Pudong Airport is a fast-growing hub for both passenger and cargo traffic. With 3,703,431 metric tons handled in 2017, the airport is the world’s third-busiest airport by cargo traffic. Pudong Airport also served a total of 70,001,237 passengers in 2017, making it the second-busiest airport in China, fifth-busiest in Asia, and the ninth-busiest in the world. It is also the busiest international gateway of mainland China, with 35.25 million international passengers. By the end of 2016, Pudong Airport hosted 104 airlines serving more than 210 destinations.
Shanghai Pudong is the busiest international hub of China, and about half of its total passenger traffic is international.Pudong Airport is connected to Shanghai Hongqiao Airport by Shanghai Metro Line 2 and the Shanghai Maglev Train via Pudong International Airport Station. There are also airport buses connecting it with the rest of the city.
Prior to the establishment of Pudong International Airport, Shanghai Hongqiao International Airport was the primary airport of Shanghai. During the 1990s, the expansion of Hongqiao Airport to meet growing demand became impossible as the surrounding urban area was developing significantly, and an alternative to assume all international flights had to be sought.
After deliberation, the municipal government decided to adopt the suggestion from Professor Chen Jiyu of East China Normal University, who wrote a letter to the Mayor of Shanghai Xu Kuangdi suggesting that the new airport should be constructed on the tidal flats of the south bank of the Yangtze River estuary, on the coast of the Pudongdevelopment zone to the east of Shanghai.

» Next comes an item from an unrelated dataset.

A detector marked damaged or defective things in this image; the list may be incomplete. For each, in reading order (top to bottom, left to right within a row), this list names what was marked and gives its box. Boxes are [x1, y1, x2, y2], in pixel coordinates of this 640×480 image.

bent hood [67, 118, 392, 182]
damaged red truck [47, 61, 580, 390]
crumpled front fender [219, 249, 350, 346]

Construction of the first phase of the new Shanghai Pudong International Airport began in October 1997, took two years to build at a cost of RMB 12 billion (1.67 billion USD), and was opened on October 1, 1999 It covers an area of 40 square kilometres (15 sq mi) and is 30 kilometres (19 mi) from downtown Shanghai. The first phase of the airport has one 4E category runway (4000 m x 60 m) along with two parallel taxiways, an 800,000-square-metre (8,600,000 sq ft) apron, seventy-six aircraft positions and a 50,000 m2 (540,000 sq ft) cargo warehouse.

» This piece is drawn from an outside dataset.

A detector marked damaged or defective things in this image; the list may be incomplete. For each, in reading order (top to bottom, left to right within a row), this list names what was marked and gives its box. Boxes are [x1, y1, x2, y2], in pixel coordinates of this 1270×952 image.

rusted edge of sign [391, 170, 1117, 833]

A second runway was opened on March 17, 2005, and construction of phase two (including a second terminal, a third runway and a cargo terminal) began in December 2005 and started operation on March 26, 2008, in time for the Beijing 2008 Summer Olympics.
In November 2011, Pudong Airport received approval from the national government for a new round of expansion which includes two runways. The 3,800-metre fourth runway, along with an auxiliary taxiway and traffic control facilities, is projected to cost 2.58 billion yuan (USD 403 million). The 3,400-metre fifth runway, along with a new traffic tower, will cost 4.65 billion yuan (USD 726.6 million). Construction was completed in 2015 and has doubled the capacity of the airport.
Pudong International Airport officially started the third phase of the Pudong International Airport expansion with the construction on a new south satellite terminal on December 29, 2015. The new satellite terminal will be the world’s largest single satellite terminal with a total construction area of 622,000 square meters, which is larger than the Pudong International Airport T2 terminal building (485,500 square meters). The satellite terminal is composed of two halls, S1 and S2, forming an H-shaped structure. It will have an annual design capacity of 38 million passengers, The total cost of the project is estimated to be about 20.6 billion yuan. Halls S1 and S2 will have 83 gates. A high capacity People mover connecting T1 to SI and T2 to S2 will be constructed. After the completion of the satellite terminal in 2019, Pudong International Airport will have an annual passenger capacity of 80 million passengers, ranking among the top ten airports in the world.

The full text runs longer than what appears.